# WHAT THE TASK ASKS
Would you please transcribe, exactly as written, the lines of the entries below starting at the one that holds "This is a sine" and ending at the one that holds "This is a premium", both included?

# Stored data
= = =

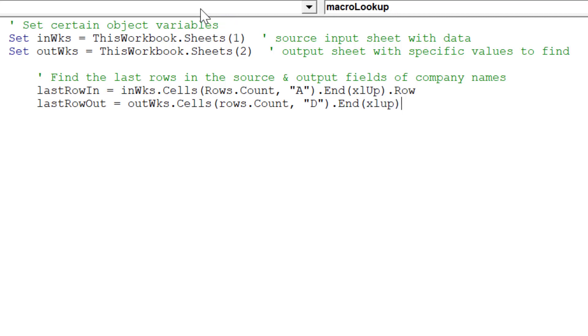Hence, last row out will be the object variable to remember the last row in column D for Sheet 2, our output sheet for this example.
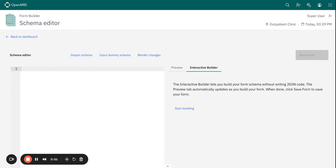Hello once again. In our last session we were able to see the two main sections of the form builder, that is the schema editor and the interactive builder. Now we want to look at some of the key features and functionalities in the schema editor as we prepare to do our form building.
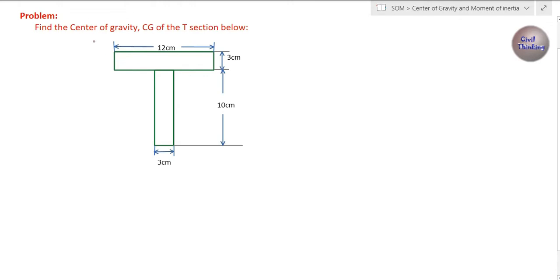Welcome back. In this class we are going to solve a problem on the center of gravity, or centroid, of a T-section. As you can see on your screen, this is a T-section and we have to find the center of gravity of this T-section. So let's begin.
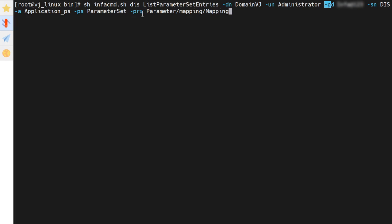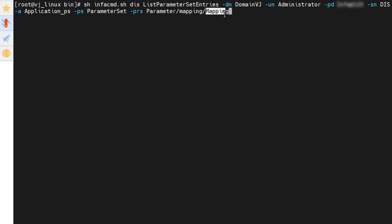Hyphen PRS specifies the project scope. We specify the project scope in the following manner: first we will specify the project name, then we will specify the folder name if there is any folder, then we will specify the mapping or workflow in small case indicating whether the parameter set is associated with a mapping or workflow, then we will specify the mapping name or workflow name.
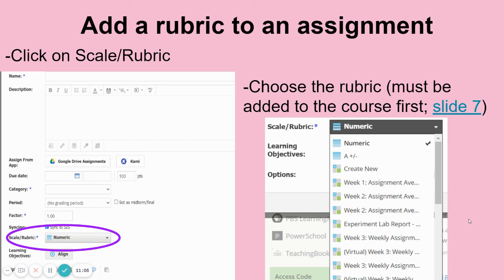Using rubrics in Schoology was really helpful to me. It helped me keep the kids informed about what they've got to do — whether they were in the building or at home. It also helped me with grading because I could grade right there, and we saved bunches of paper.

= = =

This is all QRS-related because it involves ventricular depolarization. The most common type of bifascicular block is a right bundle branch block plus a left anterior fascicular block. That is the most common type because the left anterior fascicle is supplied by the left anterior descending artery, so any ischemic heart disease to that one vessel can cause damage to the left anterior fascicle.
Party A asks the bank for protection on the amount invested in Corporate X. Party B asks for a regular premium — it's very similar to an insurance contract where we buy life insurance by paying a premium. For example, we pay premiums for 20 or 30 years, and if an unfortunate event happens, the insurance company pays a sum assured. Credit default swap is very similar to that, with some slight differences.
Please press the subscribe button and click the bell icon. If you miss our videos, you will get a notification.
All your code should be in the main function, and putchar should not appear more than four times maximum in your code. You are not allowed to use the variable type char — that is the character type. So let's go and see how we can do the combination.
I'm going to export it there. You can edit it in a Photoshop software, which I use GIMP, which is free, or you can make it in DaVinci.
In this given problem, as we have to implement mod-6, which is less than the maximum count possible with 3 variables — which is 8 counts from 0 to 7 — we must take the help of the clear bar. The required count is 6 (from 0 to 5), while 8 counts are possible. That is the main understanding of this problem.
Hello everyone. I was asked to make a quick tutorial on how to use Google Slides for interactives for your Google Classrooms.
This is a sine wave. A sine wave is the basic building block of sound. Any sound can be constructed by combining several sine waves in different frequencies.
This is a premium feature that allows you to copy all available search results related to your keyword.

= = =

# YOUR SOLUTION
This is a sine wave. A sine wave is the basic building block of sound. Any sound can be constructed by combining several sine waves in different frequencies.
This is a premium feature that allows you to copy all available search results related to your keyword.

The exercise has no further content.